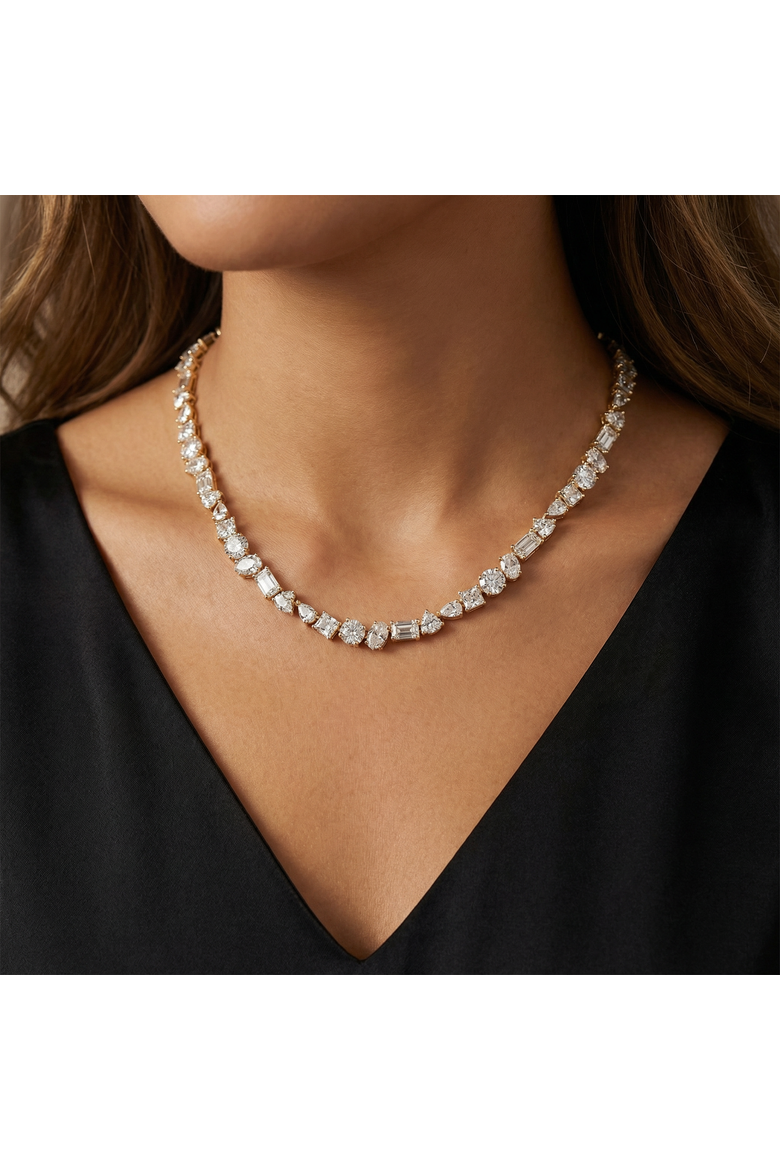 45Ct Fancy Diamond Multi Shape Tennis Necklace 14k Gold Lab Grown, Alternate, color, 14k Yellow Gold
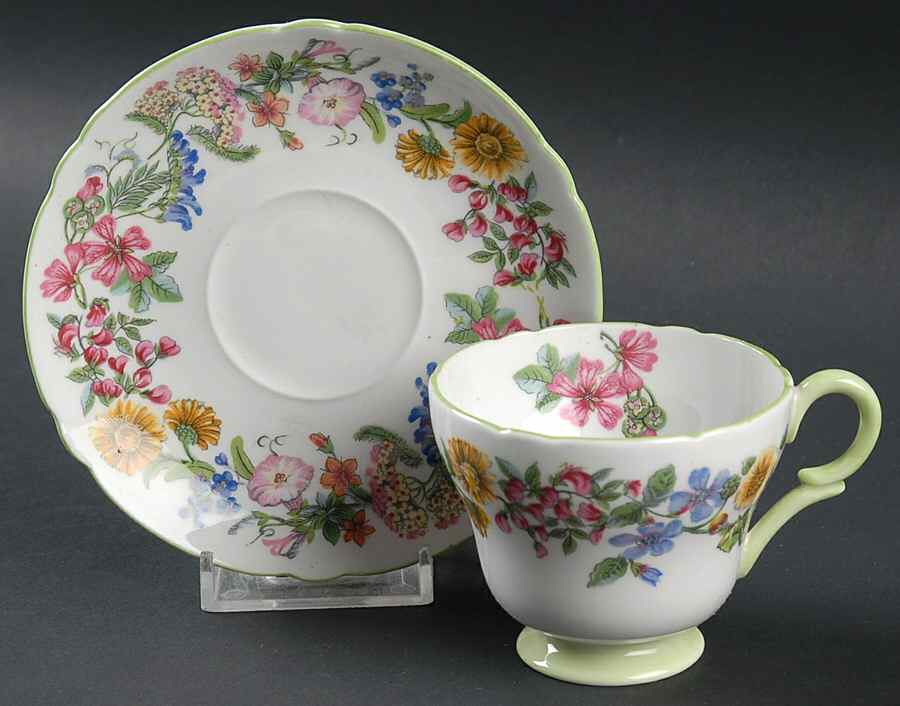 Hedgerow Footed Demitasse Cup & Saucer Set by Shelley-1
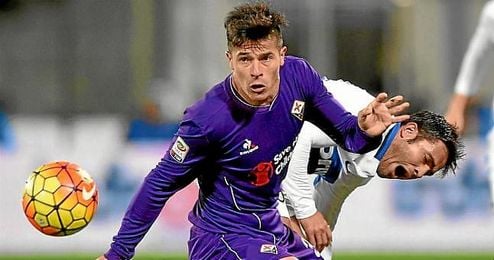 Roncaglia, en un partido con la Fiorentina. Roncaglia, en un partido con la Fiorentina.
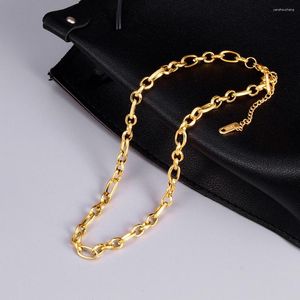 Anhänger Amaiyllis 18K Gold minimalistische literarische Retro-Kette unregelmäßige Textur Schlüsselbein Halskette einfache Halsband für Frauen Schmuck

---*---

#### [What is being asked]
Return every line above verbatim, pictures excluded.

#### [Task output]
 45Ct Fancy Diamond Multi Shape Tennis Necklace 14k Gold Lab Grown, Alternate, color, 14k Yellow Gold
 Hedgerow Footed Demitasse Cup & Saucer Set by Shelley-1
 Roncaglia, en un partido con la Fiorentina. Roncaglia, en un partido con la Fiorentina.
 Anhänger Amaiyllis 18K Gold minimalistische literarische Retro-Kette unregelmäßige Textur Schlüsselbein Halskette einfache Halsband für Frauen Schmuck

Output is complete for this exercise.